Task goal
Below are some records. Quote exactly the lines from the one that contains "Sea and Mountain View Rooftop Chalet" through the last, both included, and leave out the pictures.

Material supplied
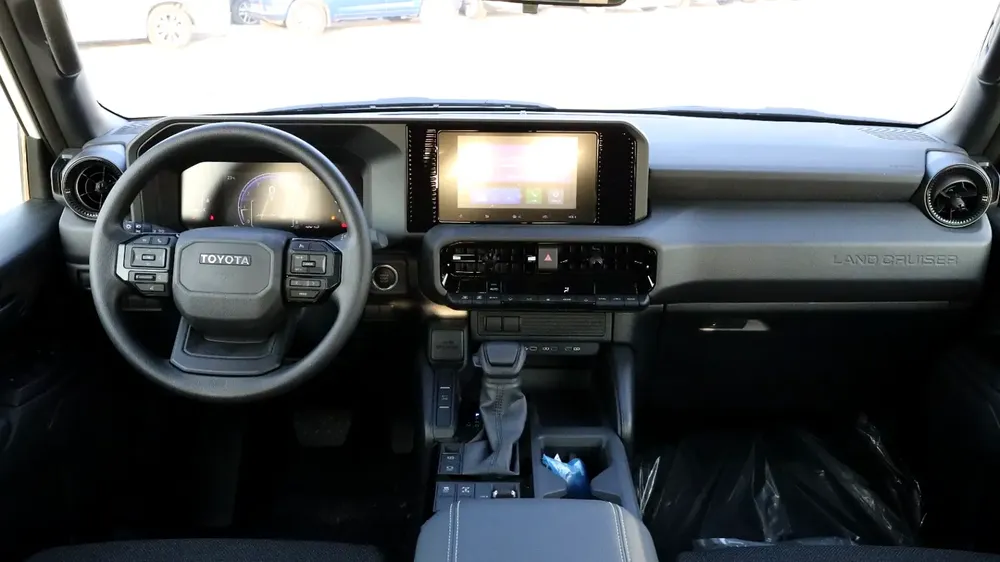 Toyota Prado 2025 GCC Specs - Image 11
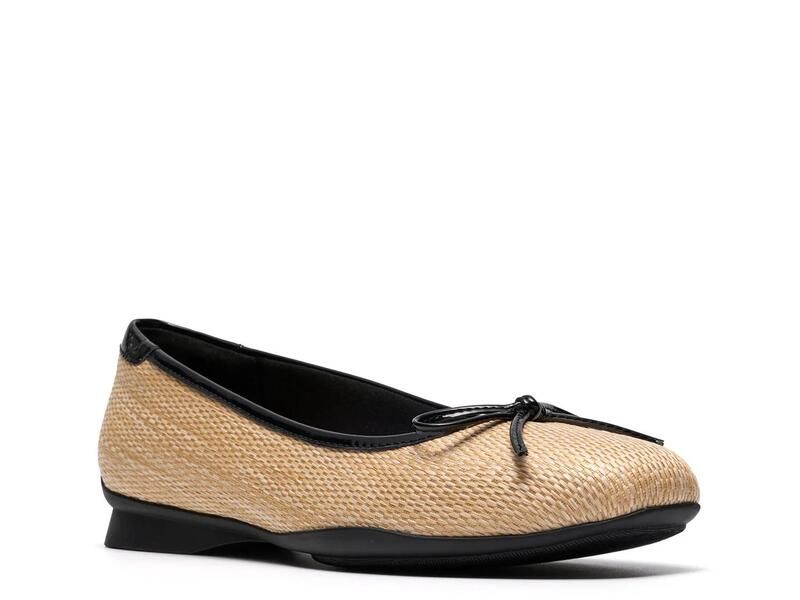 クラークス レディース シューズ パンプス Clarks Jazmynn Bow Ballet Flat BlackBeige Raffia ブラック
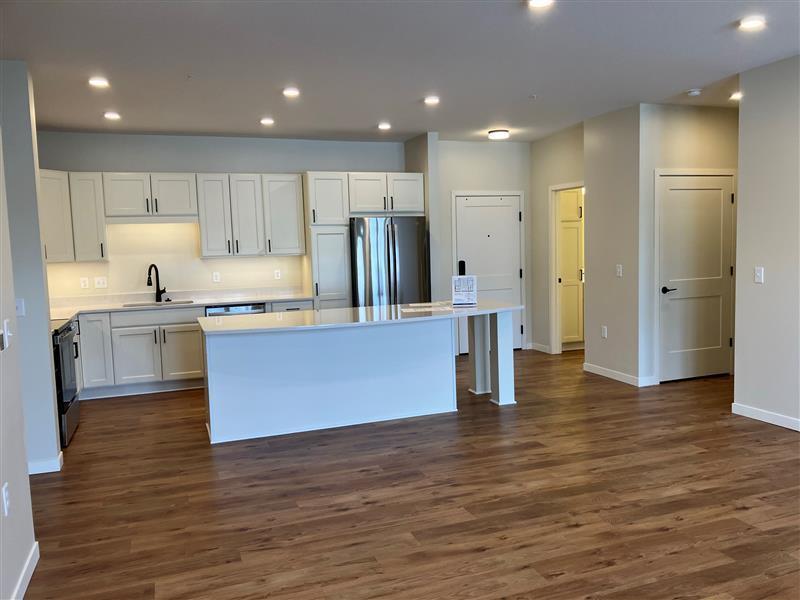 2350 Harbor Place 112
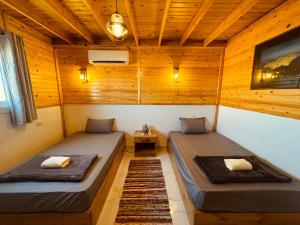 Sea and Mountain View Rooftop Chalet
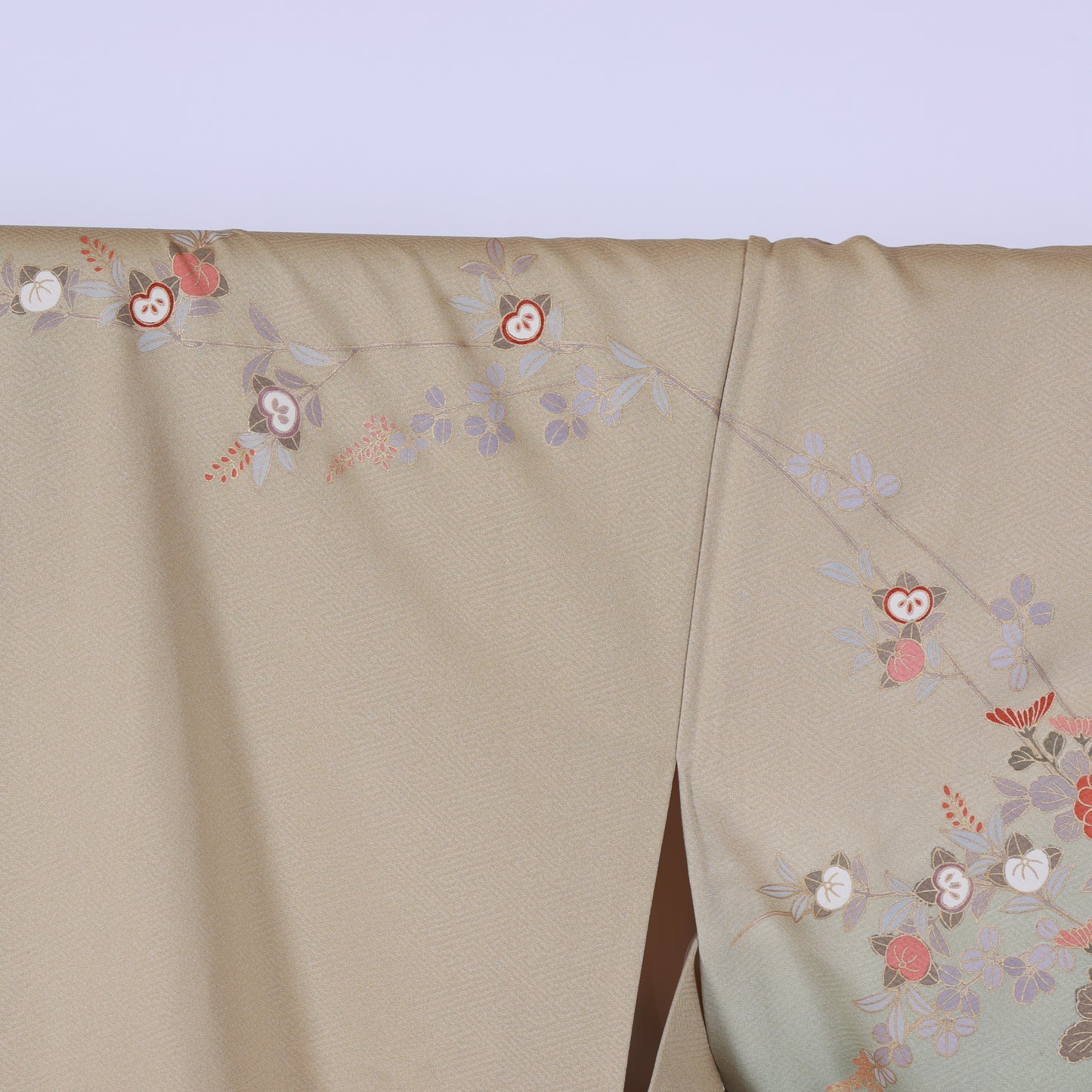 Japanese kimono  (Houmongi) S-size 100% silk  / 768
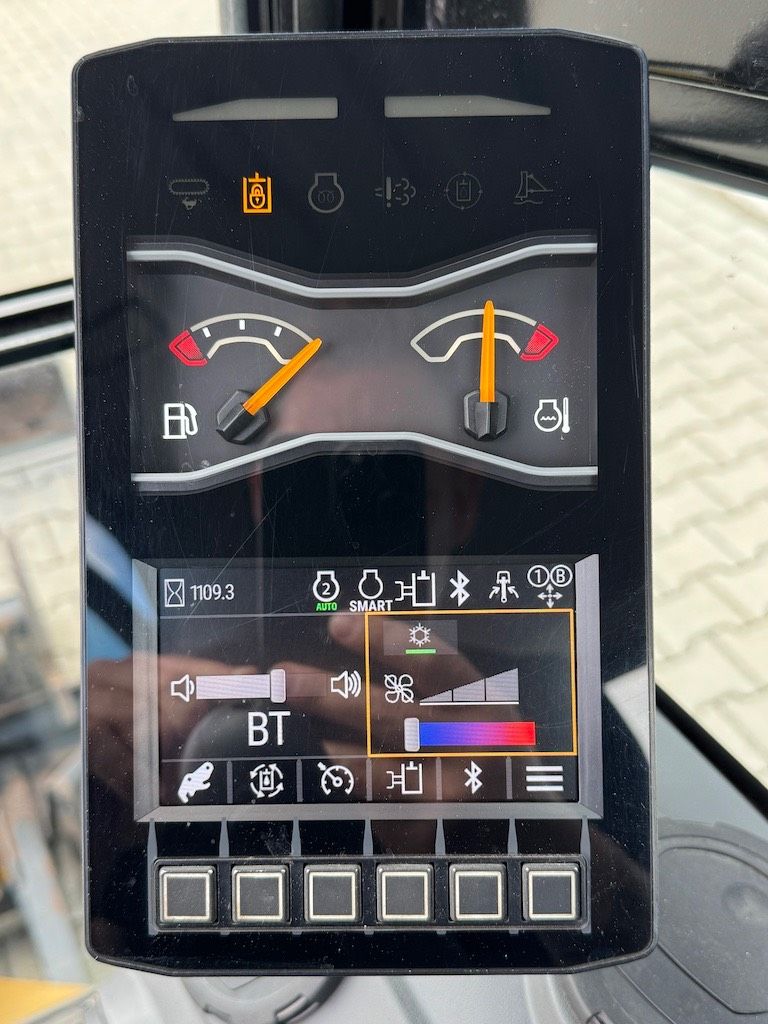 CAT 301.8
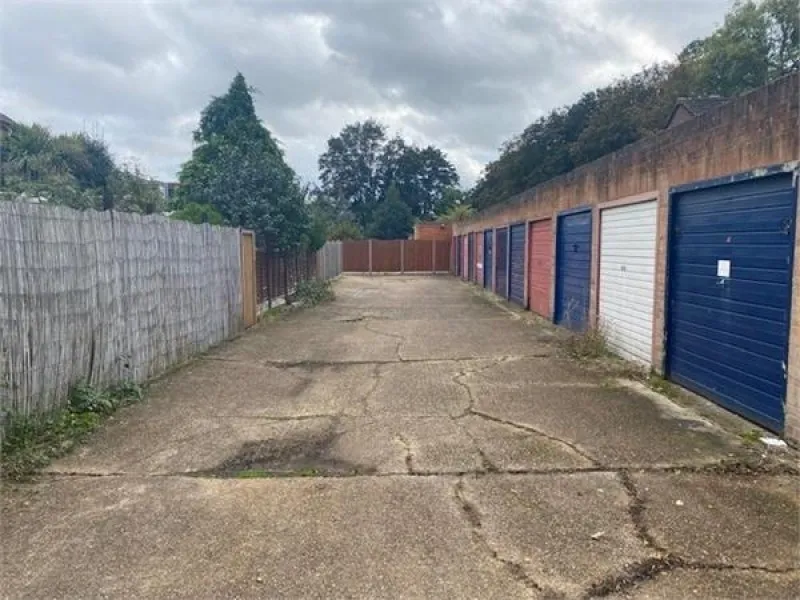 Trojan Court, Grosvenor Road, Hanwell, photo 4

Problem solution
 Sea and Mountain View Rooftop Chalet
 Japanese kimono  (Houmongi) S-size 100% silk  / 768
 CAT 301.8
 Trojan Court, Grosvenor Road, Hanwell, photo 4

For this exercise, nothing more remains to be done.